I am your friend and partner in the journey forward.
- First Nations Donor
The fourth consecutive year of a 4-Star rating is well-deserved. This rating is essential to me and many others when we evaluate organizations to support. I have had up-close and personal contact with First Nations and the recipients of its grants … Without question Native peoples are receiving great benefit from First Nations’ work.
- First Nations Donor
The Charity Navigator rating was a large factor in my initial support of First Nations, but I've been doubly impressed by the people within the organization itself. They are smart, thorough, dedicated and deeply committed to the mission. I am proud to be a contributor to this organization.
- First Nations Donor
I have been working at the College of Charleston as the Restorative Agriculture Director. I first became acquainted with your programs through the "Nourishing Native Foods and Health Program," specifically during my ethnographic and community work with local Native tribes while studying at the college. The "Seeds of Native Health" and the Native Seed Company both have provided tremendous inspiration to incorporate, honor and prioritize First Nations peoples, Native rights, and my own Native roots through agriculture.

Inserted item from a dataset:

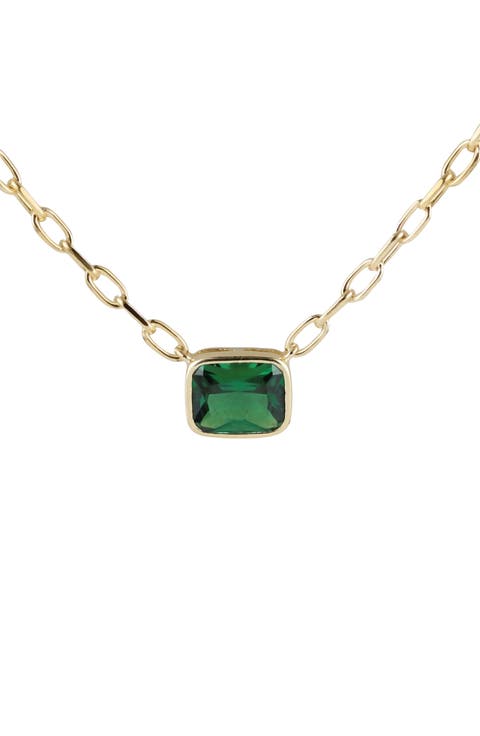 The Green Solitaire Pendant Necklace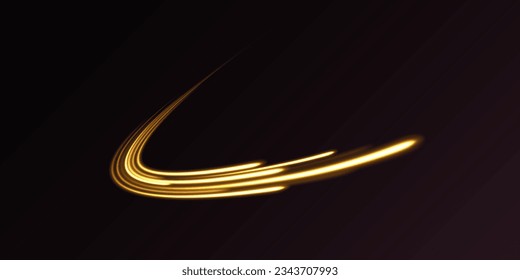 Abstract shiny gold wave  vector. Abstract neon motion glowing wavy lines. Light trail flash, neon yellow and orange golden glow path trace effect. Long exposure photo of metallic fairy lights.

Now, at this time of my life, your resources on predatory lending have been instrumental in personally coping with student loans, and understanding how to combat this type of abuse through empowerment and knowledge (not only as an individual, but as a community). All this to say that I am deeply grateful for the work that your team is sharing with communities all over the country!
- College of Charleston Restorative Agriculture
(We received this email after issuing an announcement of how our undercover report spurred the Consumer Financial Protection Bureau and the Navajo Nation to take action against an unscrupulous tax-preparation company that was preying on Native taxpayers.)
Great job First Nations! I live in Gallup and the Natives have tried to get predatory lending outlawed because it's keeping Natives and other poor people locked into poverty. If Arizona has outlawed these types of loan companies, it should be possible for New Mexico. Thanks also for the financial training that First Nations provides with Natives and students in the Gallup area.